> _WHAT NEEDS TO BE DONE_
Of all the lines in the entries below, give again exactly those starting at the line containing "Jet Guitars Jjb305" and ending at the line containing "Collage Tank Top", both ends included, and no others.
[[ DATASET EXTRACT, beginning ]]
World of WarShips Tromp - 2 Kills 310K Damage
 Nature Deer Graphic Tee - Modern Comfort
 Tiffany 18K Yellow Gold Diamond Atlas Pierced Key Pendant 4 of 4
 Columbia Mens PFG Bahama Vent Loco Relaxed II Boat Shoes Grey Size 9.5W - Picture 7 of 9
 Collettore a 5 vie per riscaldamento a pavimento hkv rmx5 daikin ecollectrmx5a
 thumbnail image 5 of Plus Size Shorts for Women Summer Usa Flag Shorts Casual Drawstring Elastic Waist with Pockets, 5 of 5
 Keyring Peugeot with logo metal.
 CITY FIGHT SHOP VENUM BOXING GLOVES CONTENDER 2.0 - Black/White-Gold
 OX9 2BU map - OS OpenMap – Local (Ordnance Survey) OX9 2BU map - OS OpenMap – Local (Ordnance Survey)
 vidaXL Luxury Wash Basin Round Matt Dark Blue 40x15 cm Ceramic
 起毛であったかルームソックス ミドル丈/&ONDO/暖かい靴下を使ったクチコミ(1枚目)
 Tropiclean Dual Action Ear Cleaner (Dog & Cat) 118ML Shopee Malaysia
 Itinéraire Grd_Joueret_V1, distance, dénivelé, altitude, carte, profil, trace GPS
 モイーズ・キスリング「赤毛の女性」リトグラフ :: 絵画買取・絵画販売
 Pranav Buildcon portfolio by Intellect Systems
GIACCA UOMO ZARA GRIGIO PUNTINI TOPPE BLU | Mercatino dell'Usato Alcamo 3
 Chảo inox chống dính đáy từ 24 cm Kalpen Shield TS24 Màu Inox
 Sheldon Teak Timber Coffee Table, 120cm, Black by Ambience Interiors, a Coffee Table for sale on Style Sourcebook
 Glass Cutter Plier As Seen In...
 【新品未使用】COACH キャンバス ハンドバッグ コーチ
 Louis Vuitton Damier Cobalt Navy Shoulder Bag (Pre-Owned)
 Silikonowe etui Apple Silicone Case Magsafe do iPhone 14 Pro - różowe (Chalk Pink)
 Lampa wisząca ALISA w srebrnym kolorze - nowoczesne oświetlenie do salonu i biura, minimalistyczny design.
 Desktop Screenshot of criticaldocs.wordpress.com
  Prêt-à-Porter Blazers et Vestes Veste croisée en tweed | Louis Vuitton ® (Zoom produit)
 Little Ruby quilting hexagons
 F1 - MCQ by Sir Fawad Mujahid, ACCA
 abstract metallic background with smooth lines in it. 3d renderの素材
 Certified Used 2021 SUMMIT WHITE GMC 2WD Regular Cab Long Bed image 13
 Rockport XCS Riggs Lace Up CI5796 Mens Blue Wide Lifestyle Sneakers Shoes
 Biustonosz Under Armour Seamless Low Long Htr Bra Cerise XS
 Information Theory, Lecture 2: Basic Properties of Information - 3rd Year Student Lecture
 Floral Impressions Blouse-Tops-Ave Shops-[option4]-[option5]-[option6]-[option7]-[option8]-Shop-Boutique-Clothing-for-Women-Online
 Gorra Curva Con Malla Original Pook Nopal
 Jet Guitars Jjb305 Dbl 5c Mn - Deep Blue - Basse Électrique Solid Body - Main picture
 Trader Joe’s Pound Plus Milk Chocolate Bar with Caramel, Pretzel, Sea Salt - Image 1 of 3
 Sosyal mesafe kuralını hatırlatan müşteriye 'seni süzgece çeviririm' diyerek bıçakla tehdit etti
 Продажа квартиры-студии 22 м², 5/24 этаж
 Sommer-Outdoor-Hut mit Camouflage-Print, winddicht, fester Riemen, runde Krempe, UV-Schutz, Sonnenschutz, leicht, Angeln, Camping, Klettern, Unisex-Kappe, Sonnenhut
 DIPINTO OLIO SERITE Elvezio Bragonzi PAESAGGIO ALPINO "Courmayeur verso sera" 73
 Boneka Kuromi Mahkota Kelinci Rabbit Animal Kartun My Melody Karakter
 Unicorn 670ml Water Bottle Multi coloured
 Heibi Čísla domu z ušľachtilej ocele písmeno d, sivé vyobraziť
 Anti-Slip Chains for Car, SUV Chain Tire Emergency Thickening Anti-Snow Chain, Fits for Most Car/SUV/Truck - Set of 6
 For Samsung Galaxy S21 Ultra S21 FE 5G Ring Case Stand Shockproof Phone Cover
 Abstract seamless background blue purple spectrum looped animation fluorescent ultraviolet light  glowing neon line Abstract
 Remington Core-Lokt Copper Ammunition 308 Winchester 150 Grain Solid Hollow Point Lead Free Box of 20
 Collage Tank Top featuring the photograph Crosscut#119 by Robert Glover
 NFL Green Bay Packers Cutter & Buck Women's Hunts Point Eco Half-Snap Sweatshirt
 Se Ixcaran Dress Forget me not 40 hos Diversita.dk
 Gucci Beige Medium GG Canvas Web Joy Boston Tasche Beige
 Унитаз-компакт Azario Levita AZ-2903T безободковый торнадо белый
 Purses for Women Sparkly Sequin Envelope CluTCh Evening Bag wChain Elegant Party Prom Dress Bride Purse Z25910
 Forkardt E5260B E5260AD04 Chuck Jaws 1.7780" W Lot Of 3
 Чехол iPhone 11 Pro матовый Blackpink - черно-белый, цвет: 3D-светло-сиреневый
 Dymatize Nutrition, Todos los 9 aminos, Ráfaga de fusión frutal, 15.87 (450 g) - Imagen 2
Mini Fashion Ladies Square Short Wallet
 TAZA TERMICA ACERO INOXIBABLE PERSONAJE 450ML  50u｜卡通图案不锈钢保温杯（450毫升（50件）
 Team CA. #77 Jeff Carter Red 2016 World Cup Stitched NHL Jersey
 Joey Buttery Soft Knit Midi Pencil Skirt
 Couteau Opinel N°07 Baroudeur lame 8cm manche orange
[[ DATASET EXTRACT, end ]]
> _SOLUTION_
 Jet Guitars Jjb305 Dbl 5c Mn - Deep Blue - Basse Électrique Solid Body - Main picture
 Trader Joe’s Pound Plus Milk Chocolate Bar with Caramel, Pretzel, Sea Salt - Image 1 of 3
 Sosyal mesafe kuralını hatırlatan müşteriye 'seni süzgece çeviririm' diyerek bıçakla tehdit etti
 Продажа квартиры-студии 22 м², 5/24 этаж
 Sommer-Outdoor-Hut mit Camouflage-Print, winddicht, fester Riemen, runde Krempe, UV-Schutz, Sonnenschutz, leicht, Angeln, Camping, Klettern, Unisex-Kappe, Sonnenhut
 DIPINTO OLIO SERITE Elvezio Bragonzi PAESAGGIO ALPINO "Courmayeur verso sera" 73
 Boneka Kuromi Mahkota Kelinci Rabbit Animal Kartun My Melody Karakter
 Unicorn 670ml Water Bottle Multi coloured
 Heibi Čísla domu z ušľachtilej ocele písmeno d, sivé vyobraziť
 Anti-Slip Chains for Car, SUV Chain Tire Emergency Thickening Anti-Snow Chain, Fits for Most Car/SUV/Truck - Set of 6
 For Samsung Galaxy S21 Ultra S21 FE 5G Ring Case Stand Shockproof Phone Cover
 Abstract seamless background blue purple spectrum looped animation fluorescent ultraviolet light  glowing neon line Abstract
 Remington Core-Lokt Copper Ammunition 308 Winchester 150 Grain Solid Hollow Point Lead Free Box of 20
 Collage Tank Top featuring the photograph Crosscut#119 by Robert Glover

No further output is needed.